The expanded window will dramatically increase the number of Europeans who will get their first real-world look at FSD, a system Tesla hopes to bring to the region more broadly once it secures approval under Europe’s strict UNECE framework.
Tesla’s website show FSD Demo Drives available across major cities including Stuttgart, Cologne, Frankfurt, Düsseldorf, Paris, Lyon, Rome, Milan, and others.
A Passenger-Seat First Look at FSD in Europe
Unlike in North America, where owners can try FSD directly, Tesla’s European demo program is intentionally conservative. Customers sit in the passenger seat while a trained Tesla employee occupies the driver’s seat and oversees the system.
It’s a controlled format, but one designed to do several things at once: give potential customers a firsthand look at the software, demonstrate consistency and predictability to regulators, and gather data across a range of European road networks—many of which are narrower, denser, and more unpredictable than their North American counterparts.
Why Europe Requires a Different Strategy
When Tesla first launched the program in late November, it did so with an important caveat. Europe’s regulatory environment is far more centralized and restrictive, with automated driving features approved through UNECE rather than individual countries. That means the bar is significantly higher, and the path to wide deployment requires showing compliance across dozens of markets at once.

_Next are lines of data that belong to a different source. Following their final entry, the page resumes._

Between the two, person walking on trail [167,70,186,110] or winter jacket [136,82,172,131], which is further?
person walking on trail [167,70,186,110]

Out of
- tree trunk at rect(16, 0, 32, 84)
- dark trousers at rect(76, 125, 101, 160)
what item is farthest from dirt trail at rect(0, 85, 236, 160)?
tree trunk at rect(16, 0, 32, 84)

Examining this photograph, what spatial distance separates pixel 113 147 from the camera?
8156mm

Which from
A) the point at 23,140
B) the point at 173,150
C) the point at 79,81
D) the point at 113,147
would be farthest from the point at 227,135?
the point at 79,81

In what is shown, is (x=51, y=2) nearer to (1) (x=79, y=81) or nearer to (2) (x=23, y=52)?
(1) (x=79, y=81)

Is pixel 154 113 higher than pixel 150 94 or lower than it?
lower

Historically, this has resulted in a reduced feature set for Autopilot and Navigate on Autopilot in Europe compared to Canada or the U.S. FSD (Supervised), which replaces the earlier “stack” entirely, goes well beyond those capabilities—making regulatory acceptance a tougher but more consequential hurdle.
Tesla is currently focusing its approval efforts in the Netherlands, where it is aiming for a potential green light as early as February 2026. A positive decision there could serve as the cornerstone for a broader EU-wide rollout, similar to how Tesla leveraged Dutch approvals for prior Autopilot updates.